EXERCISE DESCRIPTION:
Leave the pictures out, and transcribe the material below exactly from the line with "After doing so, you" to the line with "Welcome to the", both lines included.
┄┄┄┄┄┄
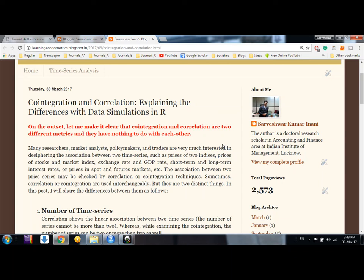Hello friends, welcome. My name is Sarveshwar. In this video we try to understand the difference between correlation and cointegration. These two things generally confuse us. Whenever we say a series is cointegrated or correlated, we think we are saying the same thing, but they are different. Two series being cointegrated doesn't mean they are correlated as well, and the opposite is also true — based on cointegration properties we cannot say anything about correlation.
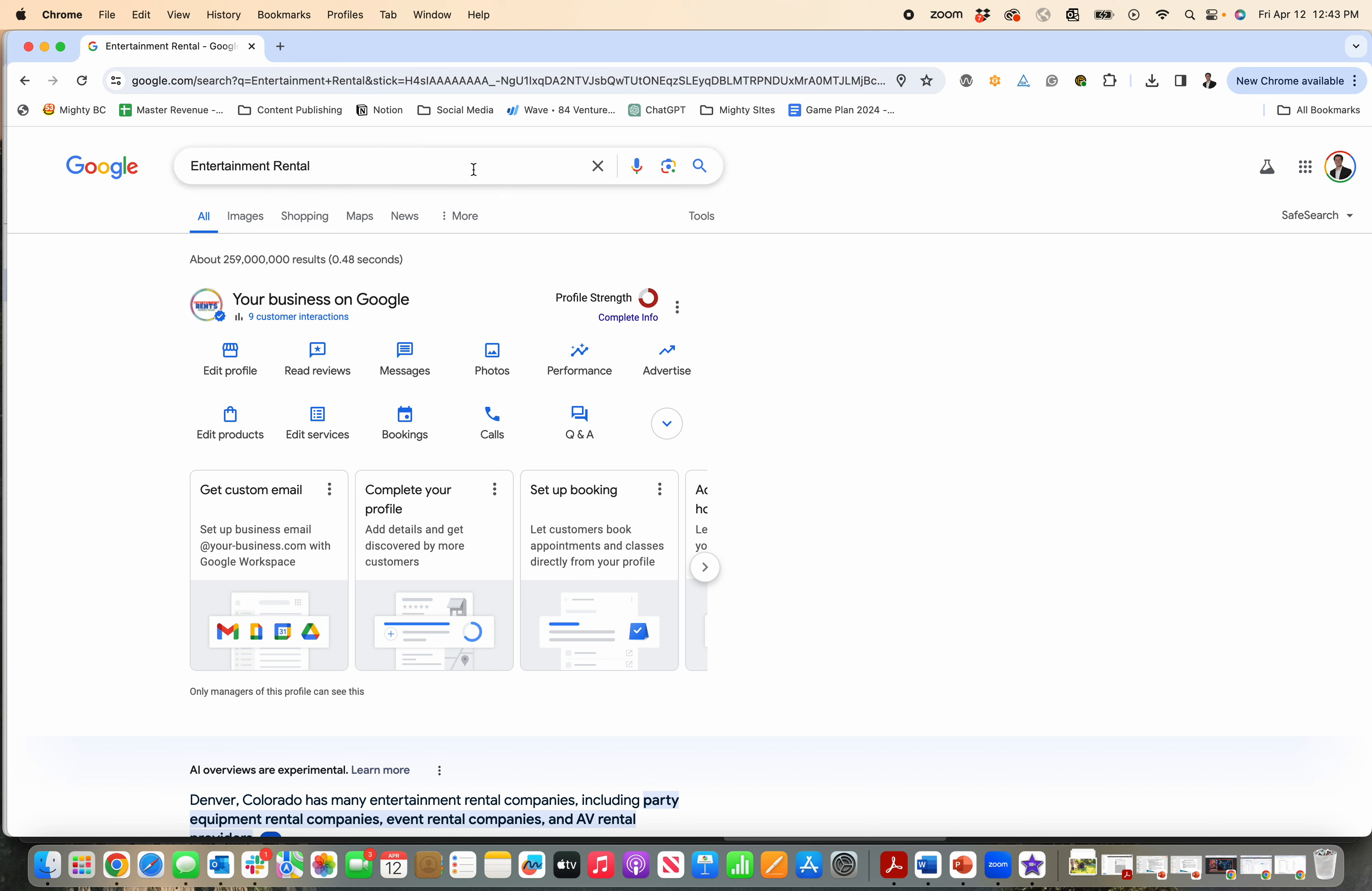Then search your business name, business name city-state, or search my business. It'll pop up like this and then there's these three little buttons right here.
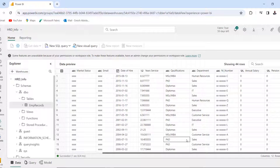That's basically how we can apply Dynamic Data Masking in Fabric Data Warehouse. I trust you enjoyed this video. If you did, please like, share with your friends, and comment. Thank you and bye for now.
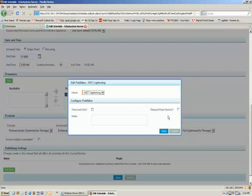Our standard turnaround time for a CaptionSync request is three business days. That's a maximum of three business days. Normally, it comes back faster. If you're in a hurry and you want that faster, you can request a rush service. There is an extra cost for rush service, but it will return the result to you in less than one business day.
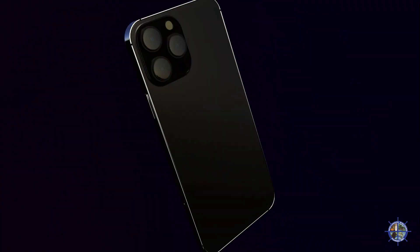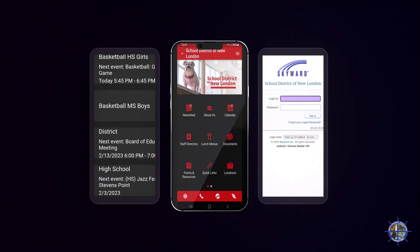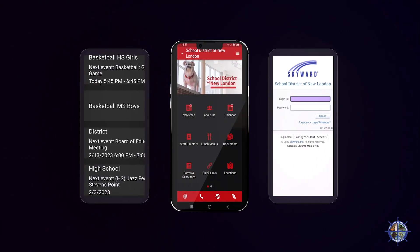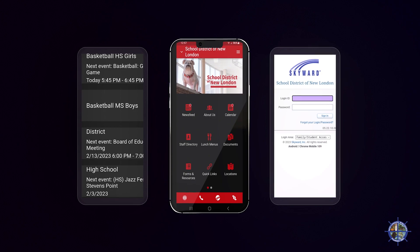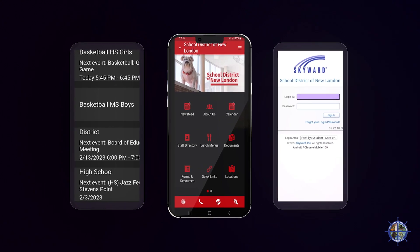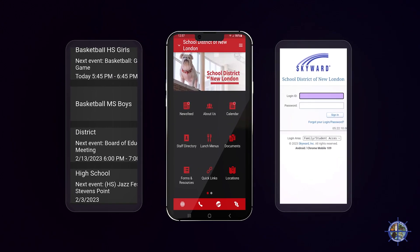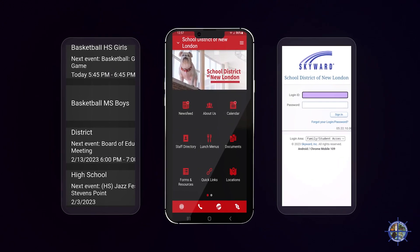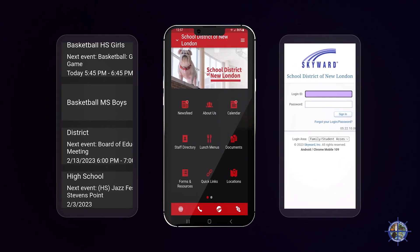If you have students in the School District of New London, consider downloading the NL Connect app. Downloading the app will give you access to your child's academic calendar, co-curricular events, and most importantly access to your student's academic reporting.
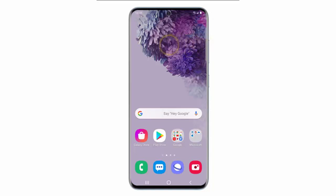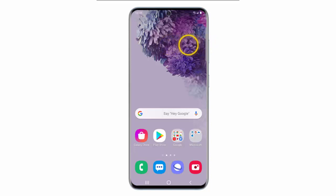Hi, in this video I will show you how to change the edge position on your Samsung Galaxy S20, S20 Plus or S20 Ultra.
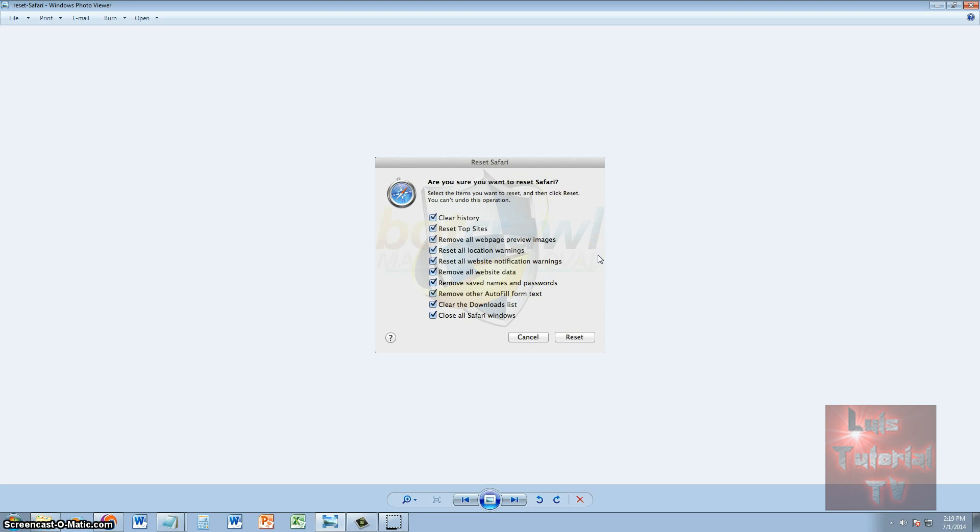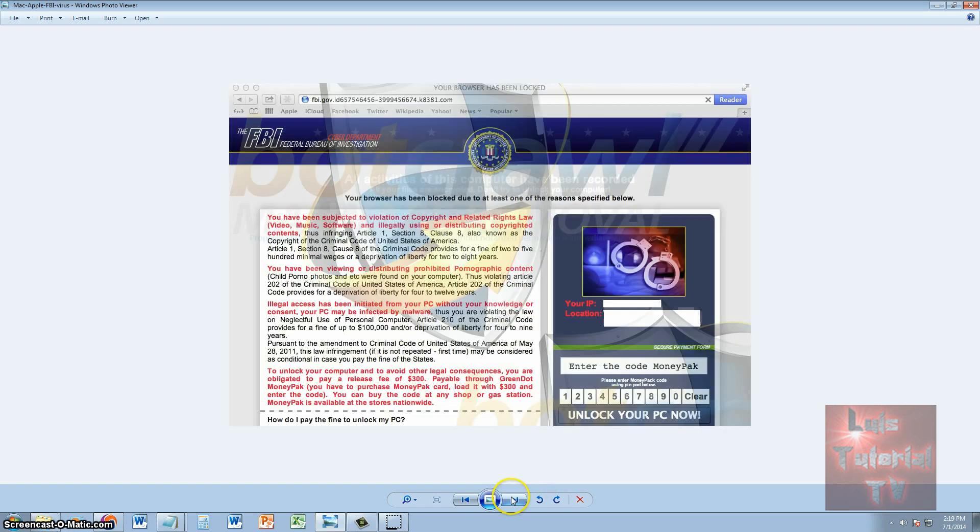After doing so, you will be back to normal. So you're pretty lucky you can fix this with three clicks, compared to Windows users that have to restore their computer or do a system restore.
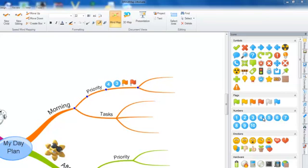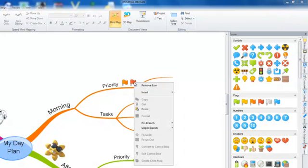To remove an icon from your branch, you can either select the icon from within the icon side panel again, or you can right click on the icon and select remove icon.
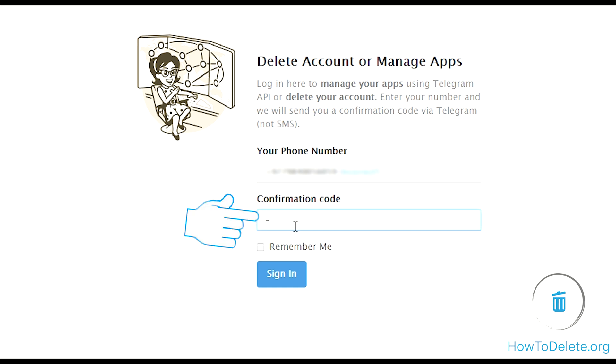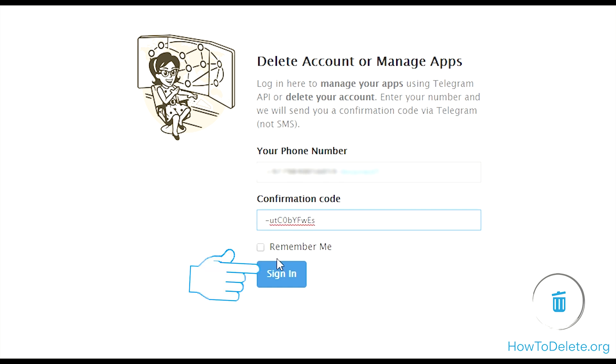Enter the security code you received on your other devices or mobile. Click sign in.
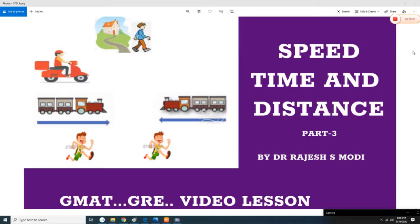Welcome to the Speed, Time and Distance Series. We are now going to discuss Part 3, which focuses on when one person is going on the road at a certain speed and another person catches that person after some time — so how long it will take to catch that person.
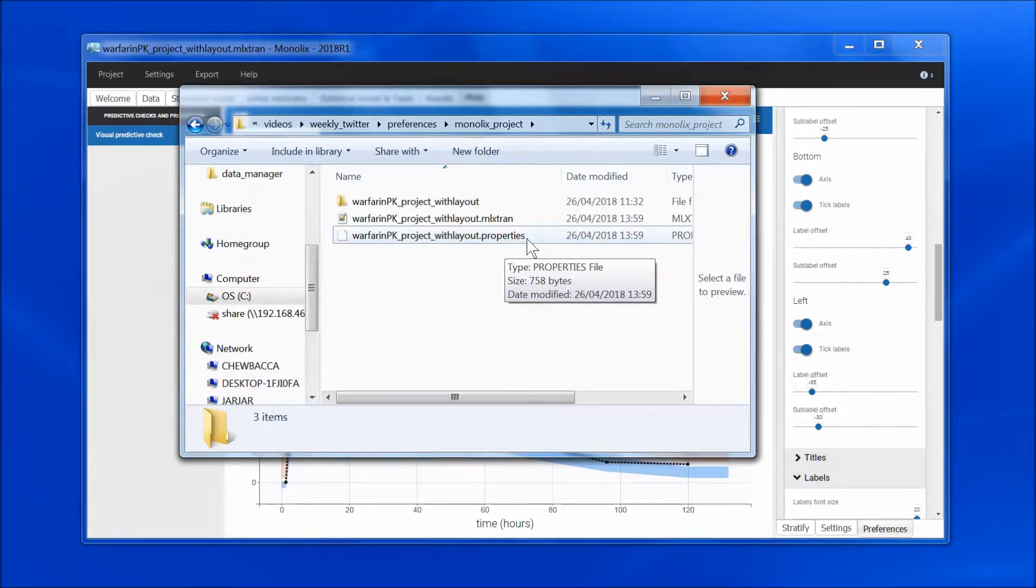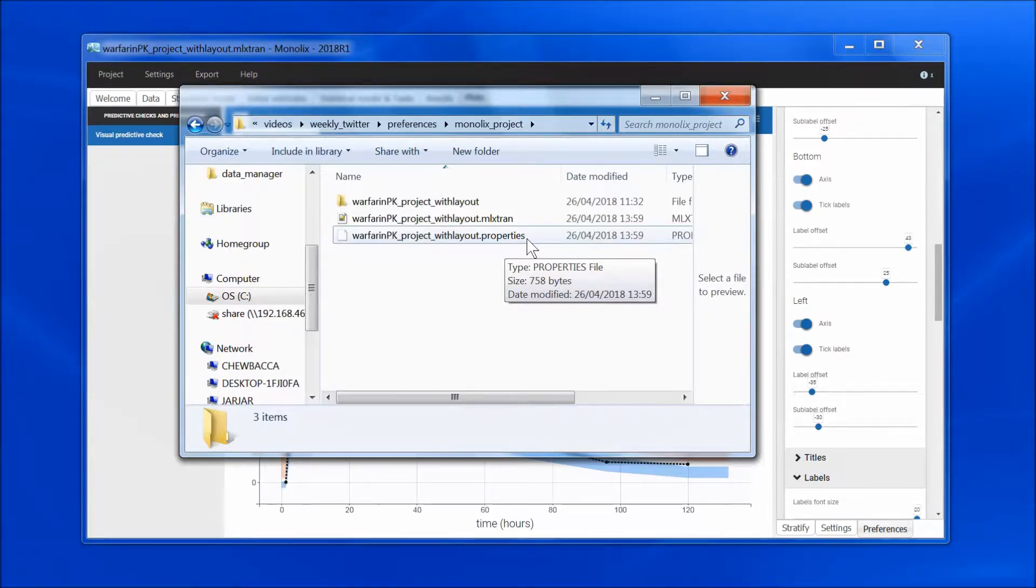If I reload the project and generate the graphics again, all preferences will be kept.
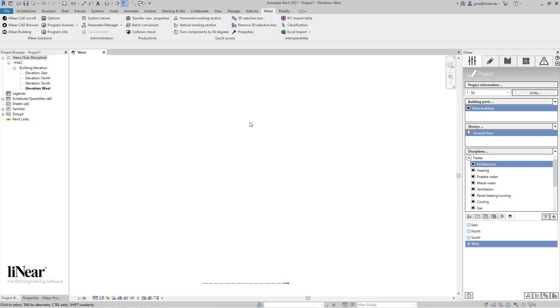Creating views is usually one of the first steps when you start your project. This can be done automatically in a fraction of the time with Linear Desktop. I will show you in this video.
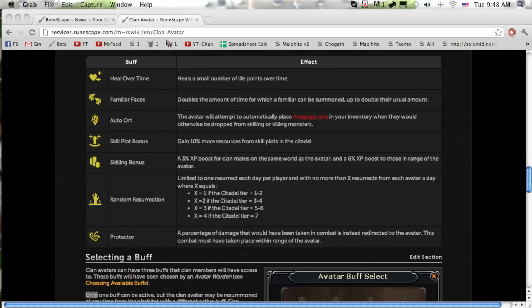For warring clans you have random resurrection where if a clan mate dies it has a chance to revive the player.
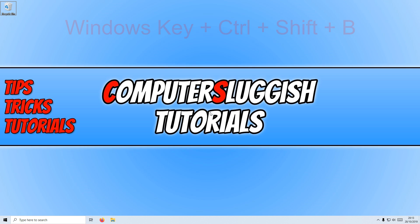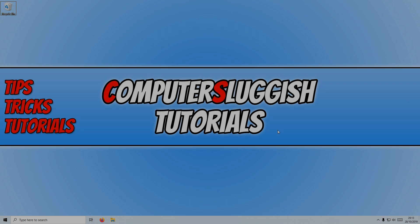I hope this tutorial has helped. If it has, hit the like button below and subscribe for more Computer Sluggish tutorials. Don't forget to check out my social channels.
┄┄┄┄┄┄
REPLY TO THE EXERCISE:
After doing so, you will be back to normal. So you're pretty lucky you can fix this with three clicks, compared to Windows users that have to restore their computer or do a system restore.
To remove an icon from your branch, you can either select the icon from within the icon side panel again, or you can right click on the icon and select remove icon.
Enter the security code you received on your other devices or mobile. Click sign in.
Welcome to the Speed, Time and Distance Series. We are now going to discuss Part 3, which focuses on when one person is going on the road at a certain speed and another person catches that person after some time — so how long it will take to catch that person.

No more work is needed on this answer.